Description Get site and service certificates.
Dependencies None
Notes These are only additional notes, follow the official OSG guide to get certificates.
Guides - OSG guide to getting site certificates

If you choose to install GUMS, you will need host and http certs for your GUMS host as well. We install GUMS on our HN, so place two more requests using hepcms-hn.umd.edu instead of hepcms-0.umd.edu.

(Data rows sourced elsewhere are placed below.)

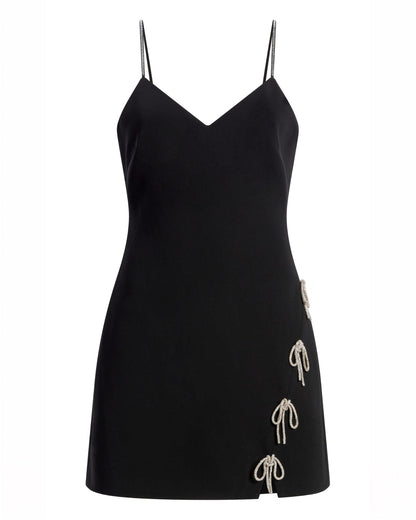 Cinq à Sept Corded Rhinestone Bow Rella Dress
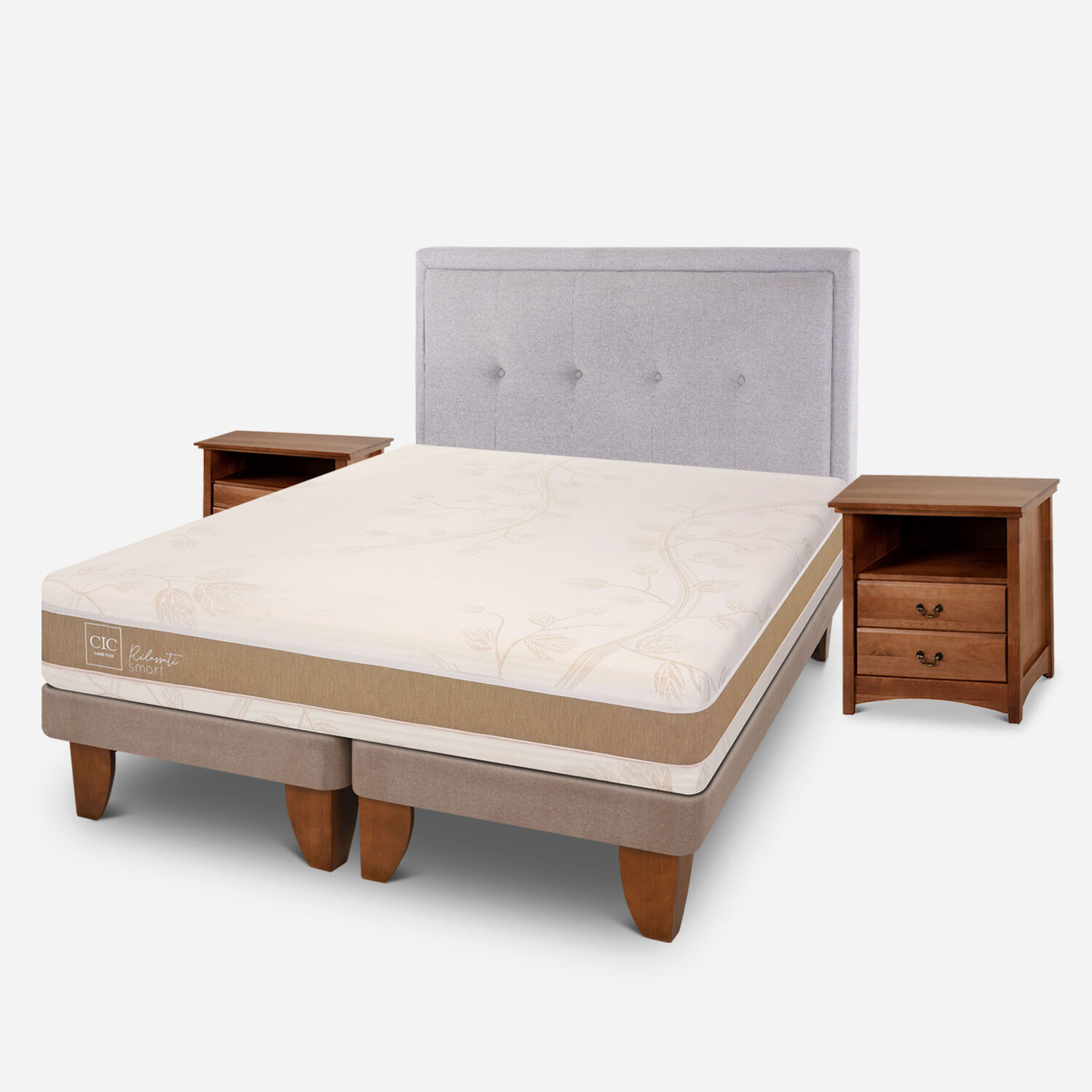 Cama Europea 2 Plazas Rilassati Infinity Base Dividida + Set Ganges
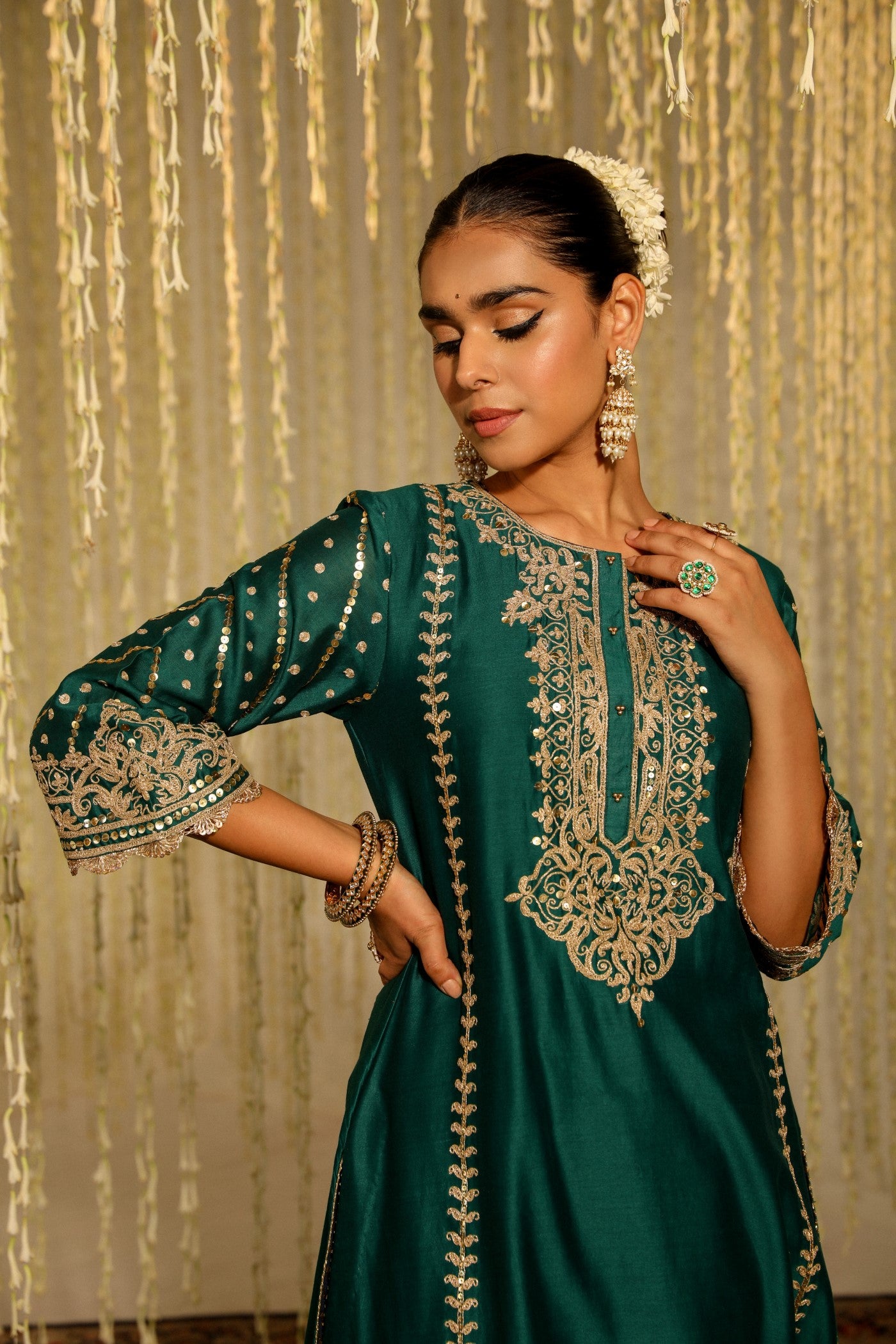 SONAKSHI SINHA IN SABIRAH - EMERALD GREEN LONG KURTA WITH PALAZZO AND DUPATTA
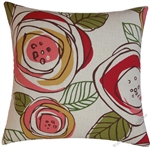 red floral rainforest decorative throw pillow cover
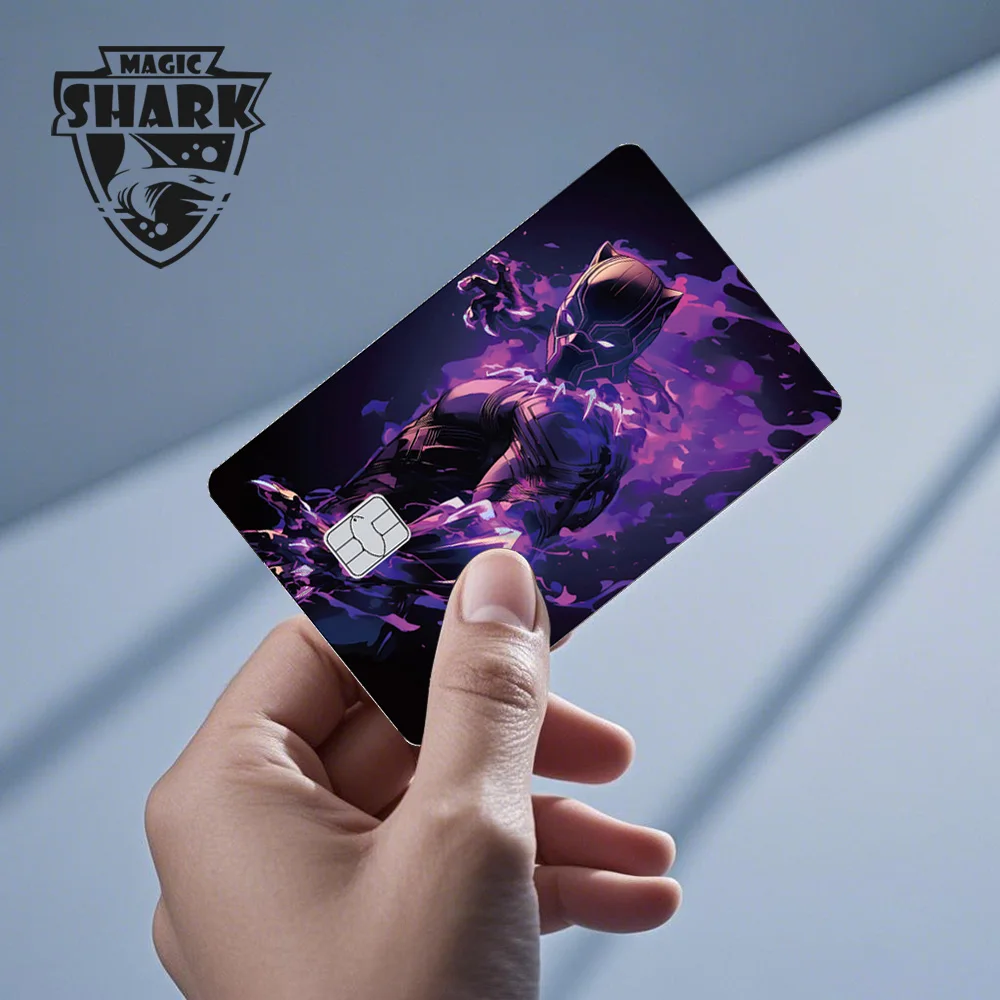 Magic Shark Deapool Venom Spiderman Captain American Ironman Shinny Holographic Sticker Film Skin for Debit Credit Card No Fade view 3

Install and configure the CE, BeStMan, and the WN client

Description Install all OSG core software, specifically the compute element, a BeStMan-Gateway storage element, and the worker node client.
Dependencies - Site certificates
- pacman
- Disk array network mounted on all nodes
- Installation directory network mounted on all nodes
Notes We install the worker-node client, the CE, and SE all on the same node (the grid node) and the CE & SE in the same directory.
Guides

- OSG release documentation
- VDT documentation
- OSG Tier-3 guide
- OSG ports guide

Prepare the environment:

Description Prepare to install OSG by creating the appropriate directories, network mounting, installing xinetd, and changing the output of hostname.
Dependencies - Base installation directory (we use /sharesoft) network mounted on all nodes
Notes We install the worker-node client, the CE, and SE all on the same node (the grid node) and the CE & SE in the same directory.
Guides - How to change the output of hostname
  1. Create the appropriate directories. As root on the GN (su -):
    mkdir /scratch/osg
    cd /scratch/osg
    mkdir wnclient-1.2 ce-1.2
    ln -s wnclient-1.2 wnclient
    ln -s ce-1.2 ce
    ln -s ce-1.2 se

    mkdir -p app/etc
    chmod 777 app app/etc
    mkdir /hadoop/osg
    chown root:users /hadoop/osg
    chmod 775 /hadoop/osg
  2. Have all nodes (including the GN) mount /scratch/osg on the GN as /sharesoft/osg. Edit /etc/auto.sharesoft on the HN as root (su -) and add the line:
    osg grid-0-0.local:/scratch/osg
  3. We use /tmp on the WNs as the temporary working directory for OSG jobs. If you haven't done so already, configure cron to garbage collect /tmp on all of the nodes.
  4. Either Rocks 5.4 or SL 5.4 doesn't install the xinetd service on the GN, which is needed by OSG services. Install it, start it, and add it to the boot sequence:
    yum install xinetd
    /etc/rc.d/init.d/xinetd restart
    chkconfig --add xinetd
    chkconfig xinetd on
  5. On a Rocks appliance, the command hostname outputs the local name (in our case, grid-0-0.local) instead of the FQHN. OSG needs hostname to output the FQHN, so we modify our configuration such that hostname prints hepcms-0.umd.edu following these instructions. Specifically:
    1. In /etc/sysconfig/network, replace:
      HOSTNAME=grid-0-0.local
      with
      HOSTNAME=hepcms-0.umd.edu
    2. In /etc/hosts, add:
      128.8.164.12 hepcms-0.umd.edu
    3. Then tell hostname to print the true FQHN:
      hostname hepcms-0.umd.edu
    4. And restart the network:
      service network restart
    5. Important: log out from the GN and log back in again before proceeding. (otherwise your CE install below may not pick up the correct hostname)
  6. Follow the OSG ports guide to open up necessary ports. Additionally, be sure to edit the vdt-local-setup.(c)sh files after you have installed the CE to set the globus port ranges.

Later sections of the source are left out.